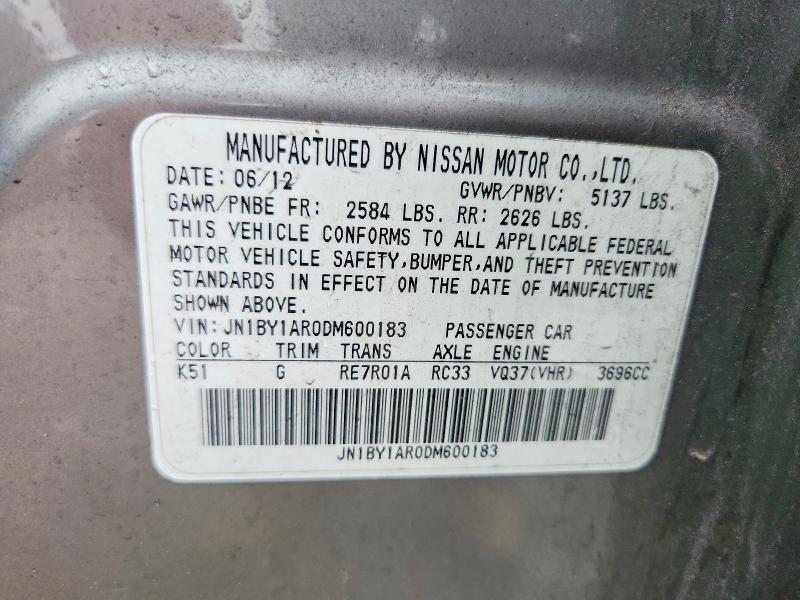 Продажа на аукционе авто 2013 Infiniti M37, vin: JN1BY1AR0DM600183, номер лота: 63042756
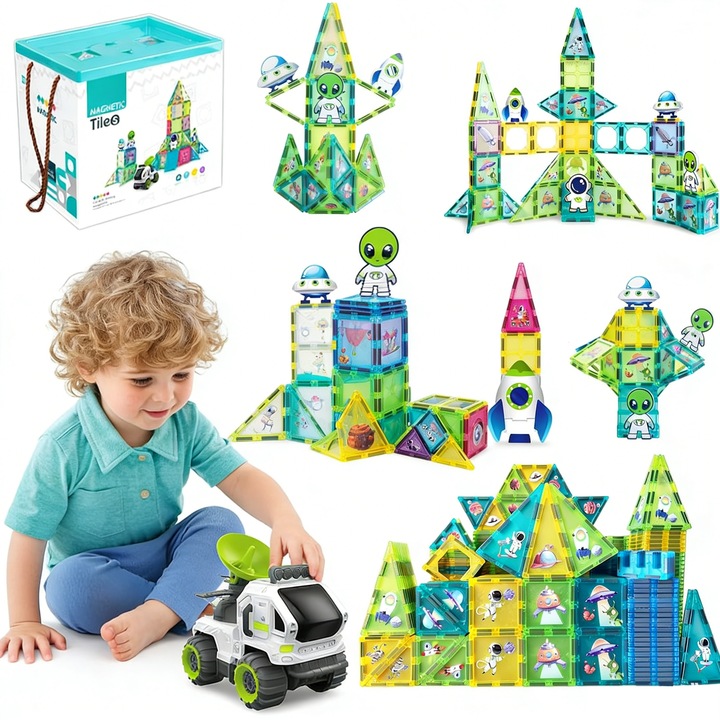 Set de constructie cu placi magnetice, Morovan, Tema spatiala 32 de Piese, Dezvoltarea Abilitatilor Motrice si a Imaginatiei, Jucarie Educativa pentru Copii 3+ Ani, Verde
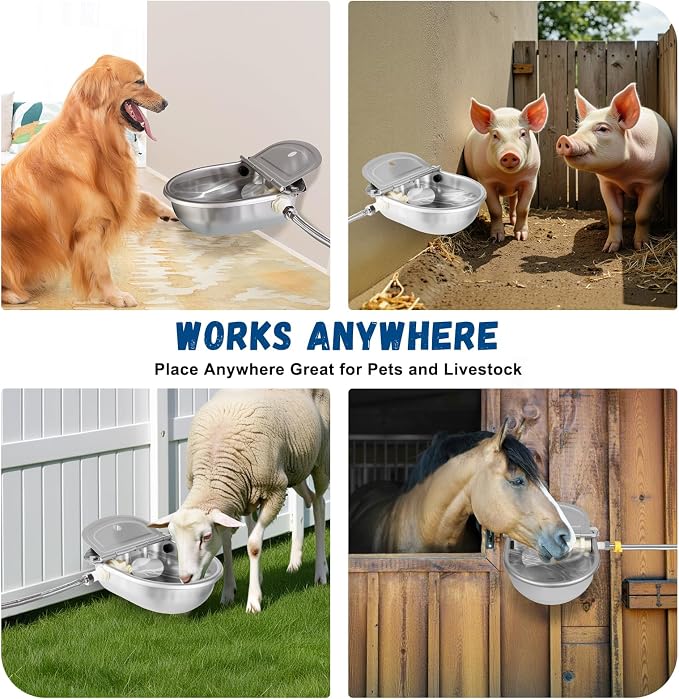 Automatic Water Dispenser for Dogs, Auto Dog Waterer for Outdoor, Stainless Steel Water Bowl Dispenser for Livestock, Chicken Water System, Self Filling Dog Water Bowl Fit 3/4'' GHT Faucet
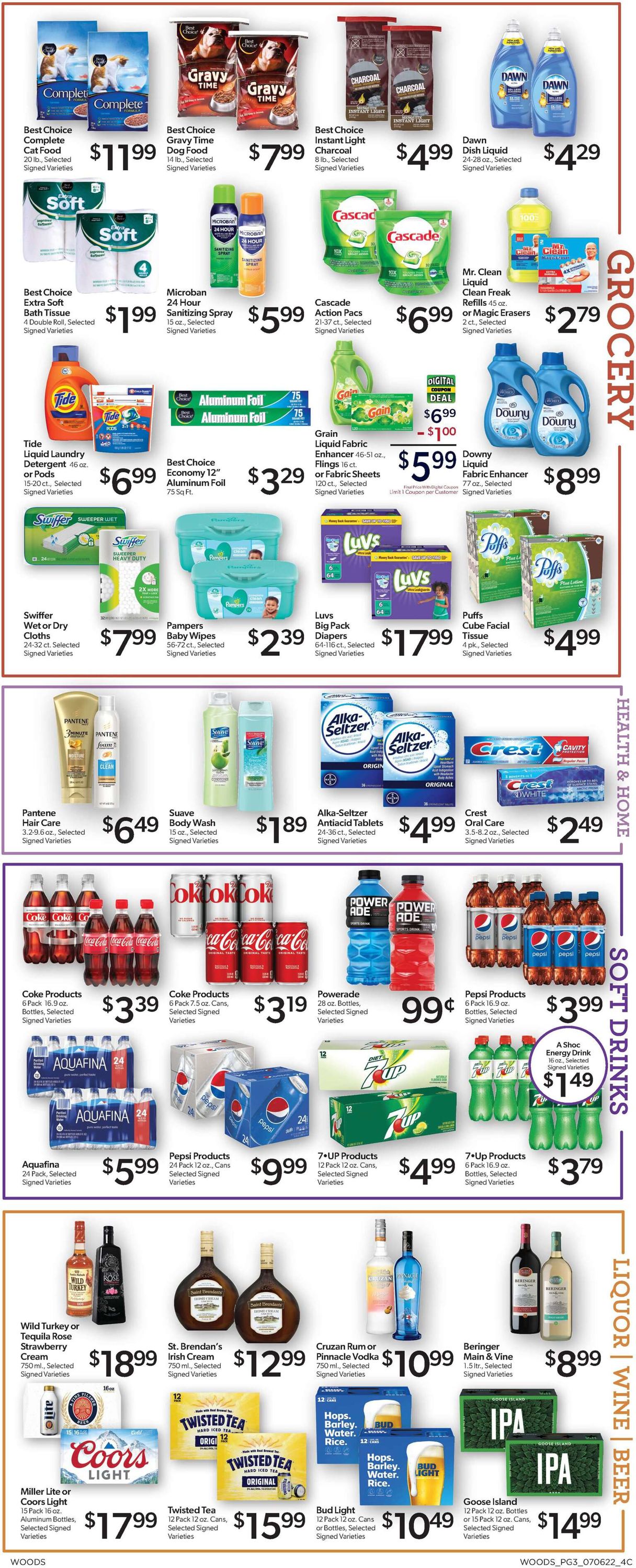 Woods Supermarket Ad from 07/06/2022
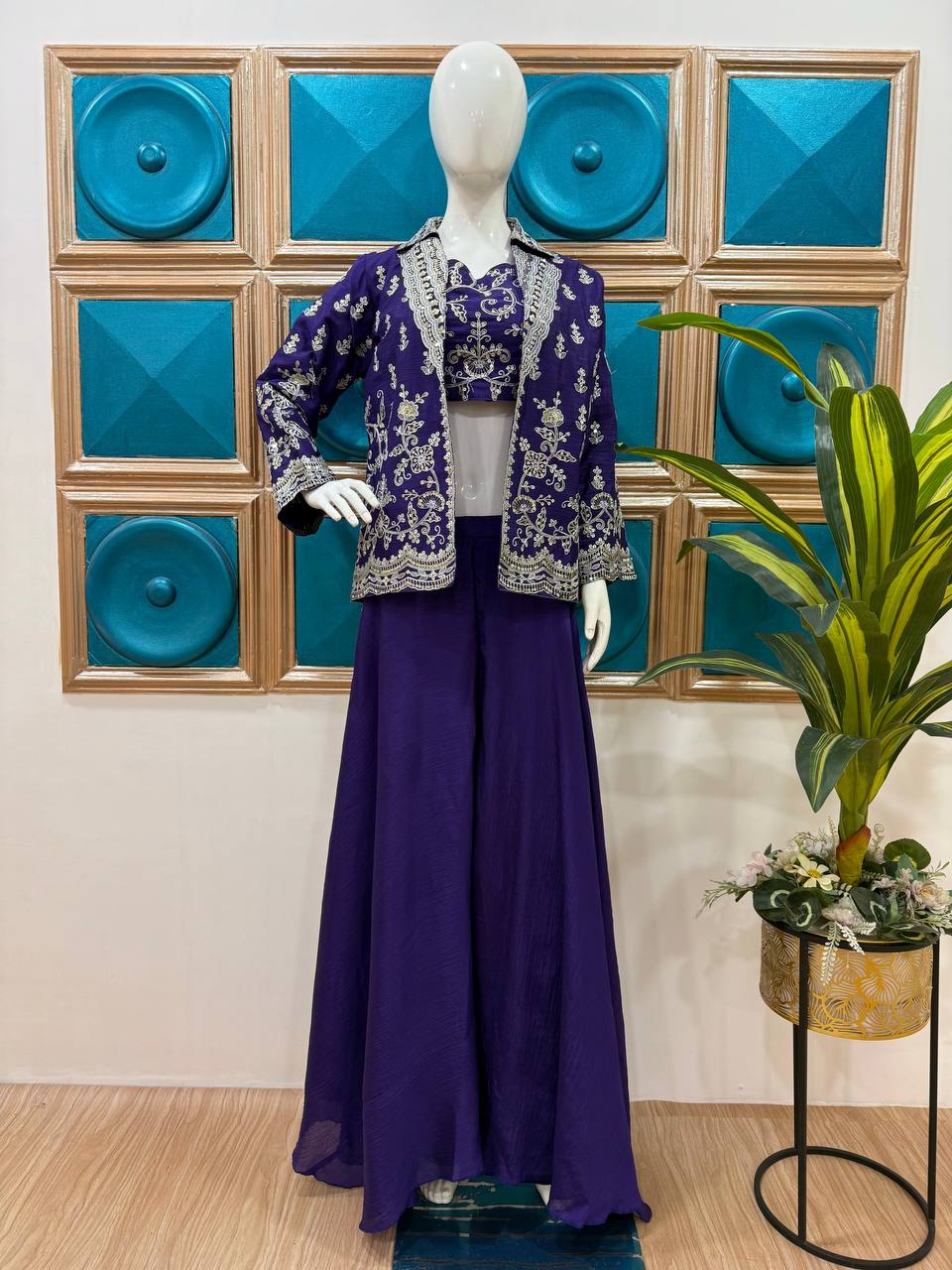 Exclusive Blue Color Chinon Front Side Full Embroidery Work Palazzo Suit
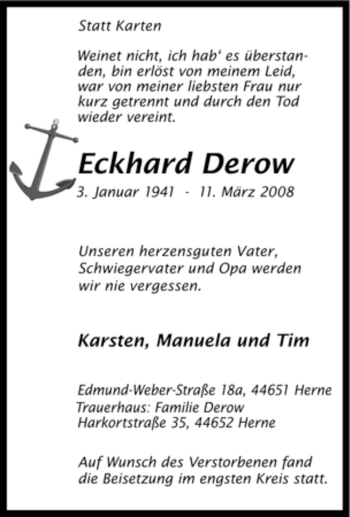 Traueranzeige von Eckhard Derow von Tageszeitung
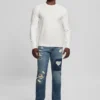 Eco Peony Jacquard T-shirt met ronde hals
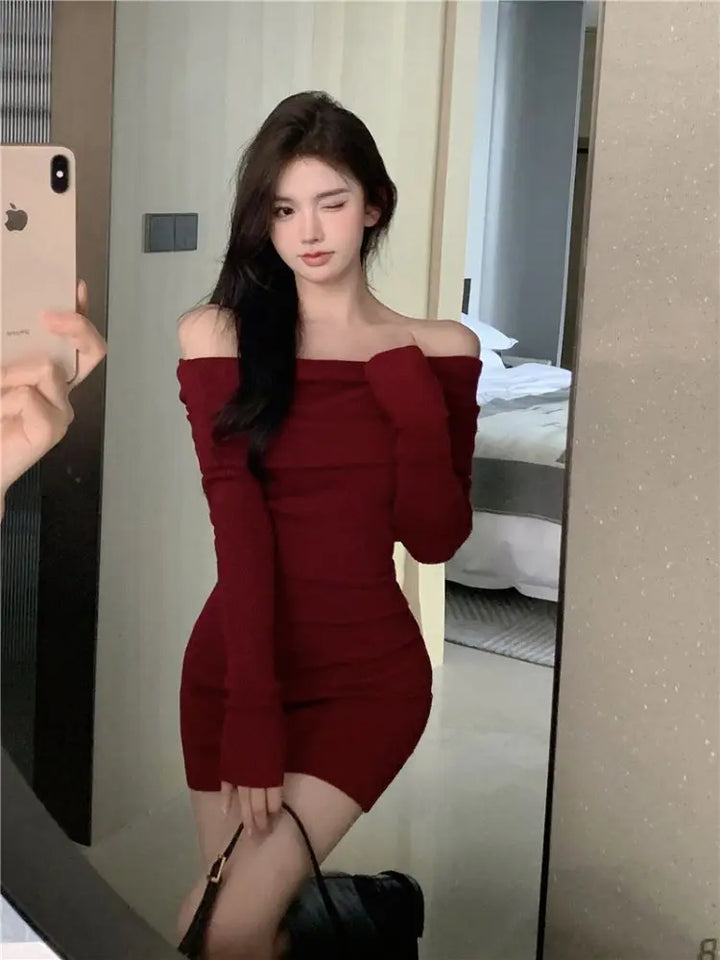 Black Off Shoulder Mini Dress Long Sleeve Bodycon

_ _ _ _ _

Requirement>
Starting with the line that holds "Automatic Water Dispenser", return each line exactly through the final line of the entries above; pictures are not part of the output.

Written response>
 Automatic Water Dispenser for Dogs, Auto Dog Waterer for Outdoor, Stainless Steel Water Bowl Dispenser for Livestock, Chicken Water System, Self Filling Dog Water Bowl Fit 3/4'' GHT Faucet
 Woods Supermarket Ad from 07/06/2022
 Exclusive Blue Color Chinon Front Side Full Embroidery Work Palazzo Suit
 Traueranzeige von Eckhard Derow von Tageszeitung
 Eco Peony Jacquard T-shirt met ronde hals
 Black Off Shoulder Mini Dress Long Sleeve Bodycon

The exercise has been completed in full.